🤖 AI Summary
This study addresses the lack of systematic evaluation of large language models’ (LLMs’) motivational interviewing (MI) capabilities in authentic clinical dialogues. For the first time, it systematically assesses the MI performance of ten open- and closed-source LLMs using the MITI 4.2 framework on both hand-crafted and real-world clinical transcripts, benchmarking them against human therapists. A double-blind experiment further evaluates psychiatrists’ ability to distinguish between human and model-generated responses. The work proposes an integrated ranking method combining MITI scores with linguistic conciseness, revealing that all models achieve competent MI proficiency, with the top-performing model significantly outperforming human experts in complex reflection ratio and evocation-to-question ratio. Psychiatrists identified machine-generated responses with only 56% accuracy, indicating highly human-like outputs and highlighting the potential of open-source models for low-resource clinical applications.
📝 Abstract
Motivational interviewing (MI) promotes behavioural change in substance use disorders. Its fidelity is measured using the Motivational Interviewing Treatment Integrity (MITI) framework. While large language models (LLMs) can potentially generate MI-consistent therapist responses, their competence using MITI is not well-researched, especially in real world clinical transcripts. We aim to benchmark MI competence of proprietary and open-source models compared to human therapists in real-world transcripts and assess distinguishability from human therapists. Methods: We shortlisted 3 proprietary and 7 open-source LLMs from LMArena, evaluated performance using MITI 4.2 framework on two datasets (96 handcrafted model transcripts, 34 real-world clinical transcripts). We generated parallel LLM-therapist utterances iteratively for each transcript while keeping client responses static, and ranked performance using a composite ranking system with MITI components and verbosity. We conducted a distinguishability experiment with two independent psychiatrists to identify human-vs-LLM responses.
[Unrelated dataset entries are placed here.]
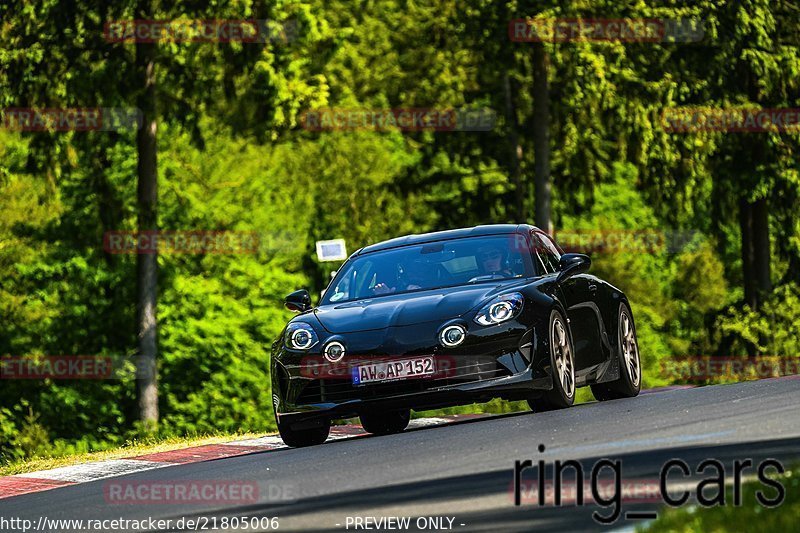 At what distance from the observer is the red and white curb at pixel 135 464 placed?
13688 millimetres

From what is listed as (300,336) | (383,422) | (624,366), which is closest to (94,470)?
(300,336)

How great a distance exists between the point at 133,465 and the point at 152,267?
1685 cm

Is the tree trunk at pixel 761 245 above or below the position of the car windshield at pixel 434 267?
below

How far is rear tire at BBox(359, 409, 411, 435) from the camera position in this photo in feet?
51.1

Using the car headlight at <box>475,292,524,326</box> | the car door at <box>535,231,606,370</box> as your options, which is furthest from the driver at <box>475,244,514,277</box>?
the car headlight at <box>475,292,524,326</box>

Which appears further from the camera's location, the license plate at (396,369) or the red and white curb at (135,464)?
the red and white curb at (135,464)

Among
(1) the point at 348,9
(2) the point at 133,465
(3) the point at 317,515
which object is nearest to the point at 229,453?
(2) the point at 133,465

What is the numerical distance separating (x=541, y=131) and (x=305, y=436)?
21496 mm

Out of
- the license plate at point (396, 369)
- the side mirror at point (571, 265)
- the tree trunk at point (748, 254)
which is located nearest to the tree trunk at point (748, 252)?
the tree trunk at point (748, 254)

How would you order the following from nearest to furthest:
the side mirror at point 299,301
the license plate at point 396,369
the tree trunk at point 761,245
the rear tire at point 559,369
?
the license plate at point 396,369 → the rear tire at point 559,369 → the side mirror at point 299,301 → the tree trunk at point 761,245

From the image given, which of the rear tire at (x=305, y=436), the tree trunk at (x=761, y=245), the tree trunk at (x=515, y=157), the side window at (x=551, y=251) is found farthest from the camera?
the tree trunk at (x=515, y=157)

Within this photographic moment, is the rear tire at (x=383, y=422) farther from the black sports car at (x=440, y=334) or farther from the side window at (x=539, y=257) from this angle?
the side window at (x=539, y=257)

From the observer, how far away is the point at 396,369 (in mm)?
13414

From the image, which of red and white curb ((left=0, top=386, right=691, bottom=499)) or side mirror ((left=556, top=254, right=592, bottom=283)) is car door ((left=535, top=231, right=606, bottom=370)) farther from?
red and white curb ((left=0, top=386, right=691, bottom=499)) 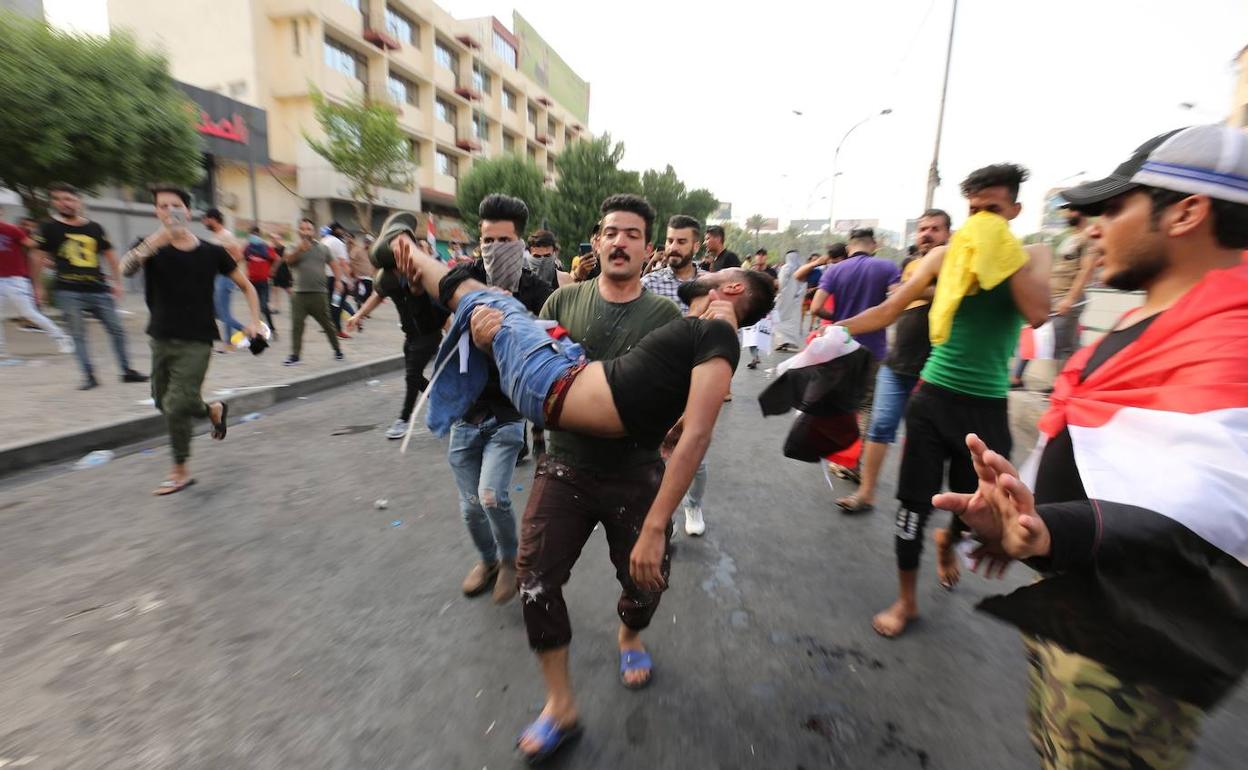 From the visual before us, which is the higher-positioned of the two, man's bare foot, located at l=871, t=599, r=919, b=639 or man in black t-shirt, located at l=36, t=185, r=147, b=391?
man in black t-shirt, located at l=36, t=185, r=147, b=391

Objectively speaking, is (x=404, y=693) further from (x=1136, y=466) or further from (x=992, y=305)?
(x=992, y=305)

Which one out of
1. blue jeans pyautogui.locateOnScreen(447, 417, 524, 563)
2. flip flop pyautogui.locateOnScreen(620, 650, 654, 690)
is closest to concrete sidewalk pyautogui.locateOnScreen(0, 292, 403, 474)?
blue jeans pyautogui.locateOnScreen(447, 417, 524, 563)

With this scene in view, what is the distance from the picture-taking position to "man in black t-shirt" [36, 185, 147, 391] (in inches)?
224

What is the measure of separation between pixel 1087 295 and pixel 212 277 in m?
9.56

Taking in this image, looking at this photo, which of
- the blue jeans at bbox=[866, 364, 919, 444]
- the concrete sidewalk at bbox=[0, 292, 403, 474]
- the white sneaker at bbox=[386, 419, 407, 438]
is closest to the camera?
the blue jeans at bbox=[866, 364, 919, 444]

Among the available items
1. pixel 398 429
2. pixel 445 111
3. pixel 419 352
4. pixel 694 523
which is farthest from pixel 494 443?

Results: All 10 tested LLMs had fair (MITI global scores >3.5) to good (MITI global scores >4) competence across MITI measures, and three best-performing models (gemma-3-27b-it, gemini-2.5-pro, grok-3) were tested on real-world transcripts. All showed good competence, with LLMs outperforming human-expert in Complex Reflection percentage (39% vs 96%) and Reflection-Question ratio (1.2 vs >2.8). In the distinguishability experiment, psychiatrists identified LLM responses with only 56% accuracy, with d-prime: 0.17 and 0.25 for gemini-2.5-pro and gemma-3-27b-it respectively. Conclusion: LLMs can achieve good MI proficiency in real-world clinical transcripts using MITI framework. These findings suggest that even open-source LLMs are viable candidates for expanding MI counselling sessions in low-resource settings.